Page 96 of Across the Boards

A silence falls between us, heavy with unspoken questions. Finally, he breaks it. “I’m sorry I lost my cool out there. That’s not... I don’t usually...”

“I know,” I assure him. Sarah had indeed explained that Brody was known for his level-headedness on the ice. “Sarah told me it wasn’t in character for you. Which makes the fact that you went absolutely feral over Jason insulting me even more notable.”

“Feral is a strong word.”

“But accurate.” I keep my tone neutral, giving nothing away. “What did he say to you out there? Before the fight?”

He hesitates, clearly reluctant to repeat whatever was said. “Nothing worth repeating.”

“Brody.” I make my voice firm. “I need to know what I’m dealing with. What did he say?”

With obvious reluctance, he relays the gist of Jason’s provocations—cruel, sexually demeaning comments about me, designed to provoke exactly the reaction they achieved. I maintain my composure, though each word is like a small knife turning in old wounds. Of course Jason would stoop to this level. Of course he would use the most intimate details of our relationship as weapons.

“I’m not surprised,” I say when Brody finishes. “He was always really good at knowing exactly what to say to cut deepest.”

“I shouldn’t have taken the bait,” Brody admits. “Coach warned us not to engage, and I-“

“Defended my honor like some medieval knight?” I raise an eyebrow. “Very gallant. Also completely unnecessary.”

“I know,” he runs a hand through his still-damp hair. “I just... when he made that gesture, looking right at you, something snapped.”

I study him for a long moment, this man who found my integrity worth fighting for. Who lost his professional composure because Jason disrespected me. It’s unnecessary, outdated, perhaps even slightly problematic from a feminist perspective.

And yet, oddly touching.

I step forward and gently press my fingertips to the bruise forming along his jaw. “Thank you,” I say softly. “For caring enough to lose your composure. It was stupid and reckless and professionally inadvisable, but... thank you.”

Relief floods his expression. “You’re not mad?”

“Oh, I’m definitely mad that you thought I needed protecting,” I clarify, keeping my touch gentle. “But I’d be lying if I said watching you knock Jason on his ass wasn’t at least a little satisfying.”

He grins despite the pain. “Just a little?”

“Don’t push your luck, Carter.” But I’m smiling too, a strange lightness filling me despite the drama of the evening. “Come on, let’s get you home and properly iced. You look like you went a few rounds with a brick wall.”

“You should see the brick wall,” he counters, falling into step beside me as we head toward the parking lot.

As we exit the arena, I’m acutely aware of still wearing his jersey, of making this public declaration despite the spectacle we’ve just been part of. I’m Elliot Waltman, wearing Brody Carter’s jersey after watching him fight my ex-husband. It’s so far from the life I’ve built these past three years that it should terrify me.

Instead, I feel something like peace. Like I’ve finally faced the ghost that’s been haunting me and found it far less powerful than I feared.

“You know the whole team is going to be talking about this,” Brody says as we reach his car. “You in my jersey, the fight with Jason. Hockey players gossip worse than teenagers.”

“Let them talk.” I shrug, his oversized jersey shifting on my shoulders. “I spent three years avoiding the hockey world because I was afraid of the gossip, the sideways glances, the pity. I’m done hiding.”

And in that moment, I realize it’s true. Completely, utterly true. I wore Brody’s jersey tonight not just to make a statement to Jason, but to reclaim my right to be here. To exist in spaces I’ve avoided out of fear and shame. To move forward on my own terms.

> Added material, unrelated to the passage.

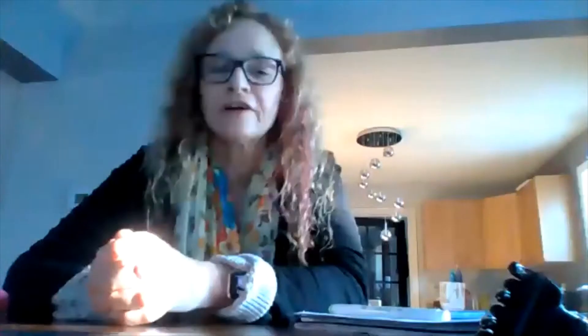Just a little update on the stew — nothing much is really happening, but it's just bubbling away there, steaming away. It smells really good. The recipe is on our website for anybody that wanted to cook along — it's also on Laura's website, so you can click on and get it there.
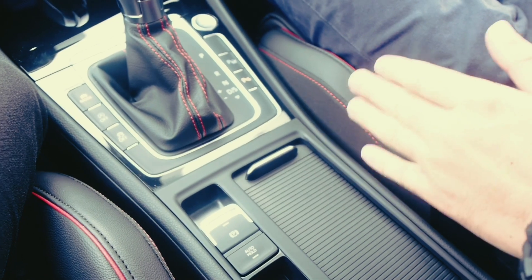Since we are inside the car already, I will show you how manual braking works. Let's go. Make sure that the car is in the Elite mode.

Brody’s looking at me with something like awe, a bruise blooming on his jaw from a fight he shouldn’t have started. It’s ridiculous and imperfect and nothing like the careful, controlled life I’ve built.

But as I reach for his hand, twining my fingers with his, I realize it might be exactly what I need.

24

BRODY

The drive back to our complex is quiet, the adrenaline of the evening finally giving way to exhaustion. My jaw throbs dully, a reminder of impulsive actions and their consequences. But when I glance over at Elliot—tired but relaxed, still wrapped in my jersey—I can’t bring myself to regret a thing.

“Coming in for coffee?” she asks as we park in front of our townhouses. “Real coffee this time.”